I have opened another post asking questions about an alternative equivalent way to define the Schwartz-Bruhat space via functions of rapid decay. Also, my first question seems to be related to this question.
Best Answer
I strongly recommend you to read the François Bruhat paper, that Osborne cites. For an arbitrary locally compact (not necessarily abelian) group $G$ Bruhat defines smooth function $\varphi:G\to{\mathbb C}$ as the one that can be locally represented as a composition $$ \varphi=\psi\circ\pi $$ where $\pi:G\to H$ is a continuous homomorphism into a Lie group $H$, and $\psi:H\to{\mathbb C}$ is a "usual" smooth function on $H$ (considered as a smooth manifold). (Actually, this is the definition for the so-called LP-groups, and the general definition becomes obvious after that.)
Bruhat describes the most important properties of the space ${\mathcal E}(G)$ of smooth functions on $G$ (it is not obvious, for example, that ${\mathcal E}(G)$ is always dense in ${\mathcal C}(G)$).
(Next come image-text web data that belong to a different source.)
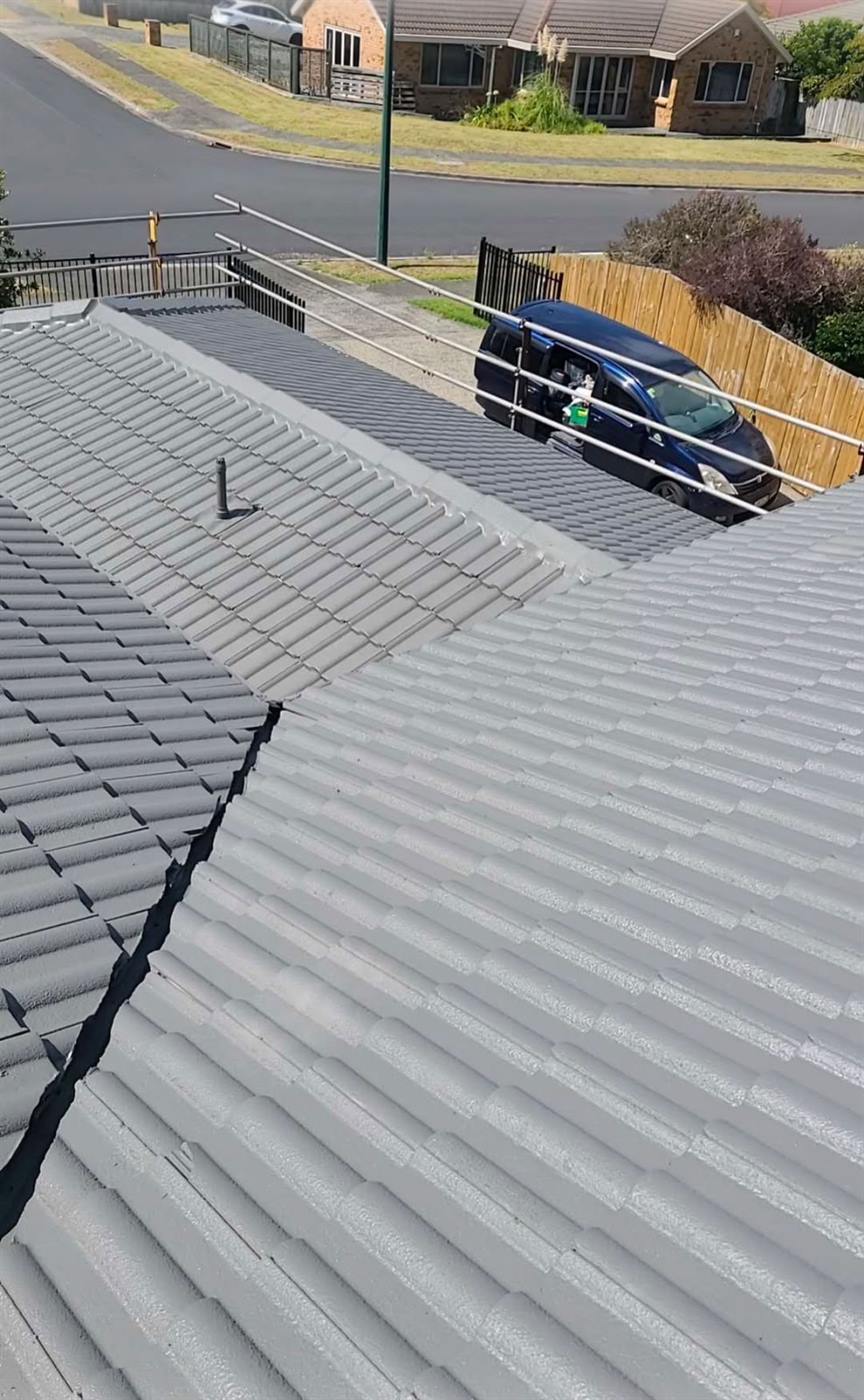 A restored concrete tile roof seen from the ridge looking down to the driveway and street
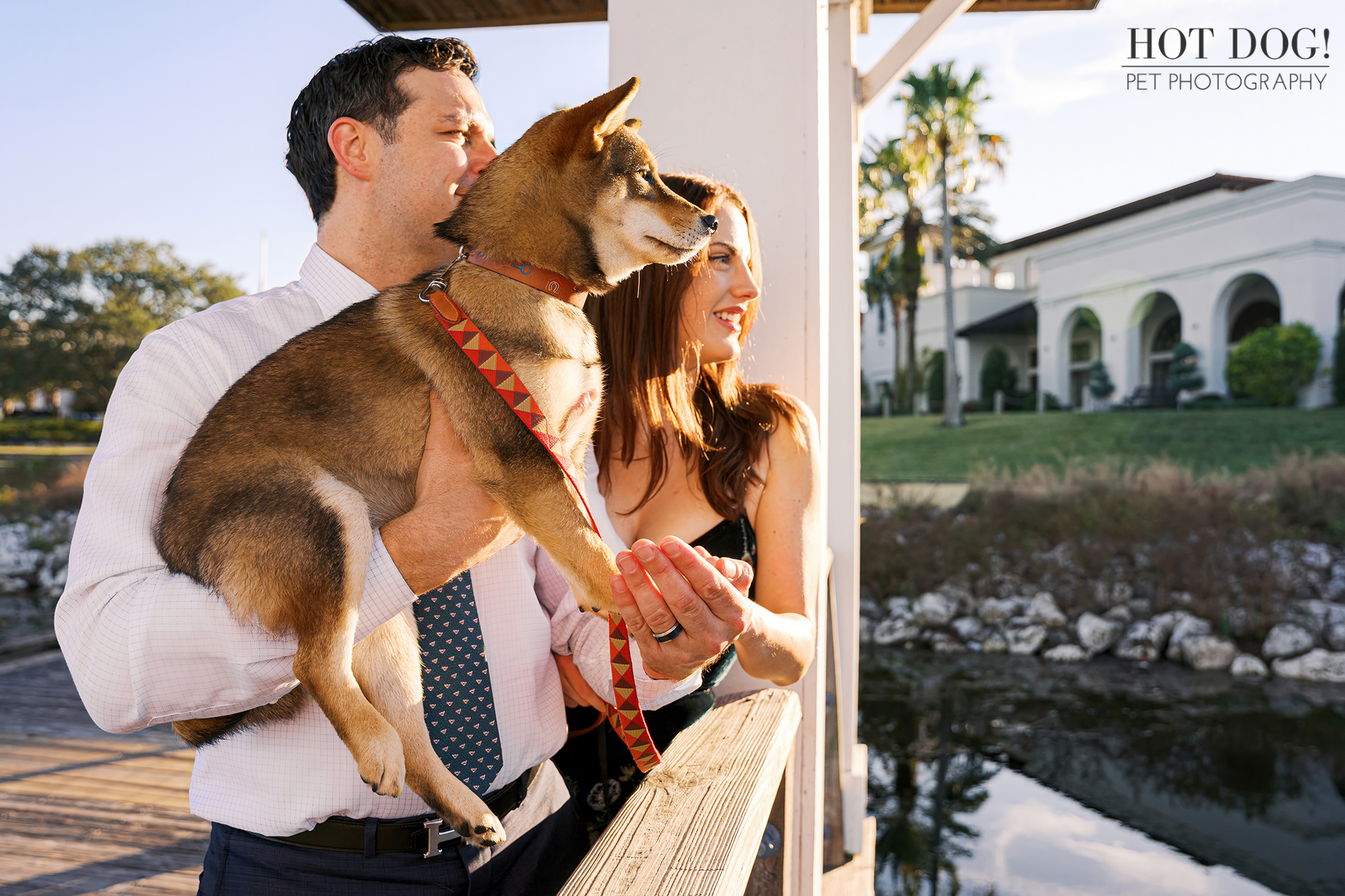 Man holding a sesame Shiba Inu puppy while standing beside a woman on a wooden boardwalk near water during an outdoor pet photography session.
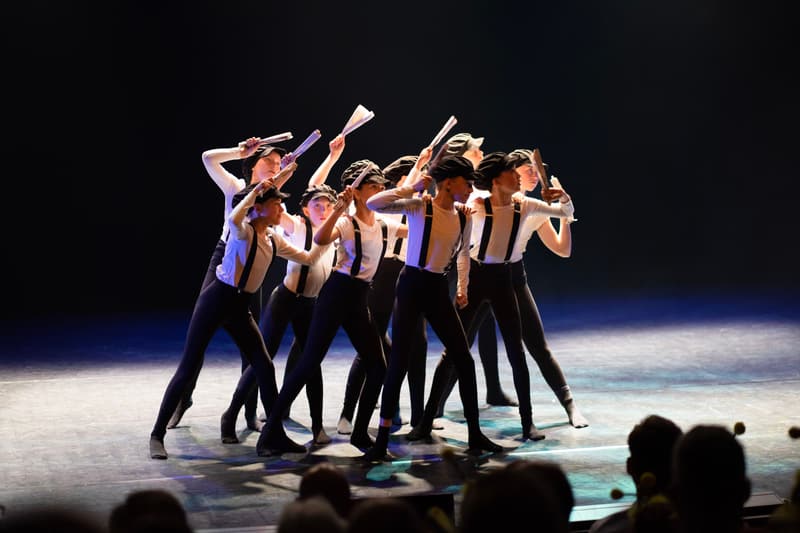 En gruppe dansere med seler og hvite skjorter i en tett formasjon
As far as I remember, he gives also a definition of a differential operator on $G$, but I am not sure, anyway you can also take a look at my paper, where differential operators on $G$ are defined as linear maps $$ D:{\mathcal E}(G)\to {\mathcal E}(G) $$
which preserve the support of functions: $$ \text{supp}(D\varphi)\subseteq \text{supp}\ \varphi,\qquad \varphi\in {\mathcal E}(G). $$ ($\text{supp}\ \varphi$ is the set of points in $G$ where the germ of $\varphi$ is non-zero). One can prove (see again my paper) that every such operator has unique decomposition $$ D=\sum_{\alpha\in{\mathbb N}_I}\xi_\alpha\cdot\partial e_\alpha, $$ where $I$ is the set of indices (in general, infinite) for a given basis $\{e_i;\ i\in I\}$ in the tangent space $T_1(G)$ (=Lie algebra of $G$), ${\mathbb N}_I$ the set of multi-indices over $I$, $\partial e_\alpha$ are the corresponding translation-invariant differential operators on $G$, and $\xi_\alpha$ are some smooth functions on $G$ (defined by $D$).
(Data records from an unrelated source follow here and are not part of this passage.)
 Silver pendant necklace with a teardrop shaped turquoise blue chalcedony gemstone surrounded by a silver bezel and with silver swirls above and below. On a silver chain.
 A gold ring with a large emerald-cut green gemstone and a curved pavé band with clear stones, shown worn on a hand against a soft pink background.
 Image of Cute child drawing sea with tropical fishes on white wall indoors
$D$ is called a polynomial differential operator, if the coefficients $\xi_\alpha$ are polynomials, i.e. usual polynomials of finite sets of real characters $\chi:G\to{\mathbb R}$ (see Hewitt-Ross; obviously, each polynomial on ${\mathbb R}^a\times {\mathbb T}^b\times {\mathbb Z}^c \times F$ vanishes on ${\mathbb T}^b$ and $F$).
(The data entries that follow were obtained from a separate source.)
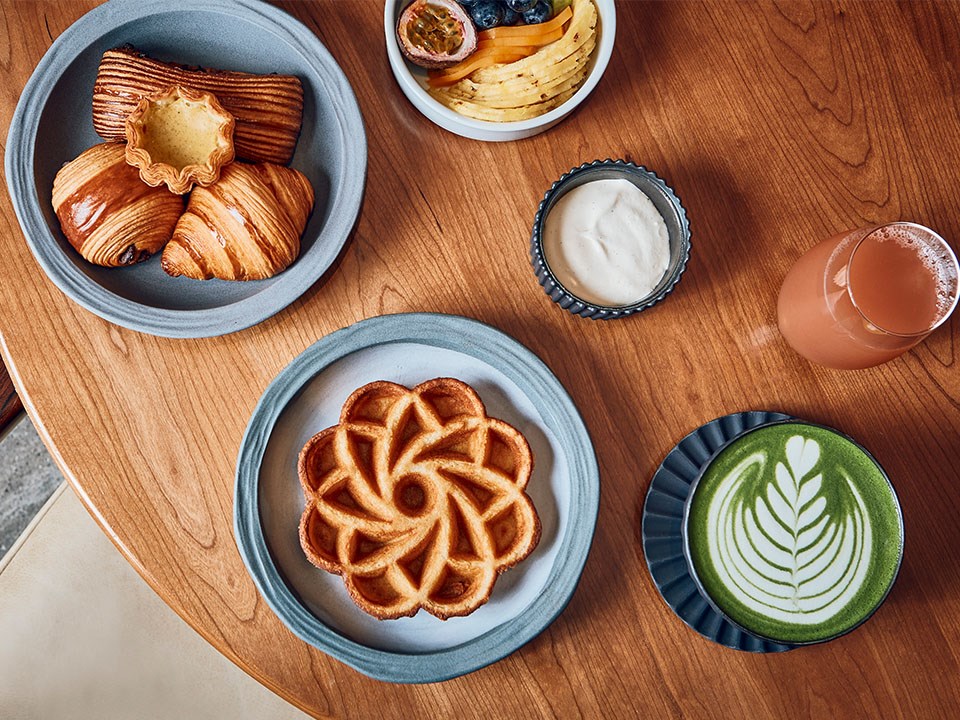 Breakfast selection: pastry basket, flower shaped cake, chopped fruit bowl, matcha latte and a glass of juice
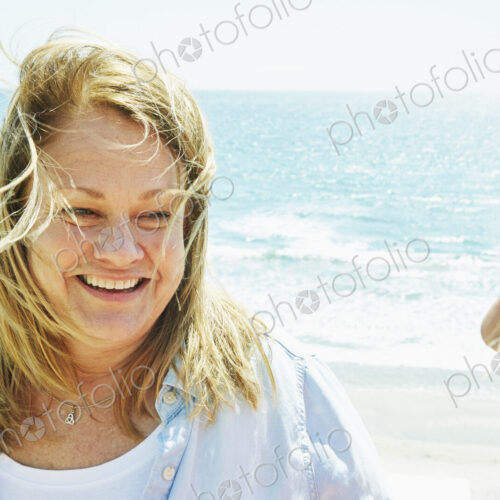 Smiling blond mature women standing by the ocean.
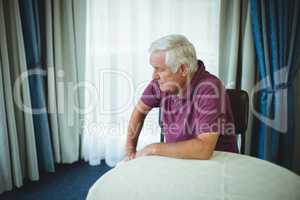 Worried senior man sitting in living room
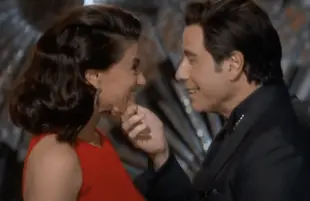 John Travolta and Idina Menzel at the Oscars, the year after he invoked Adele Dazeem
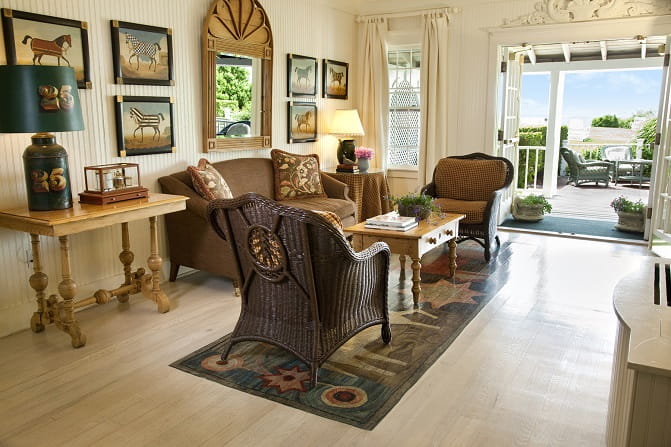 A living room area with hanging pictures on the walls at The Wauwinet inn.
Using these notions one can define the Schwartz-Bruhat space ${\mathcal S}(H)$ on an abelian Lie group $H$ as consisting of smooth functions $\psi:H\to{\mathbb C}$ with compactly generated support and with the property $$ \sup_{x\in H}|D\psi(x)|<\infty, $$ for every polynomial differential operator $D$ on $H$. And if $G$ is an arbitrary locally compact abelian group (not necessarily a Lie group) then the space ${\mathcal S}(G)$ is defined as the direct limit (=union) of the spaces ${\mathcal S}(H)$ where $H$ runs through all Lie quotient groups of $G$: $$ {\mathcal S}(G)=\bigcup_H {\mathcal S}(H). $$ I believe this is equivalent to Osborne's definitions. By $K^m$ he means, I think, the $m$-th power of a set $K\subseteq G$, defined by induction $$ K^1=K,\qquad K^{m+1}=K^m\cdot K, $$ where $A\cdot B=\{a\cdot b;\ a\in A,\ b\in B\}$ (this is for your new post).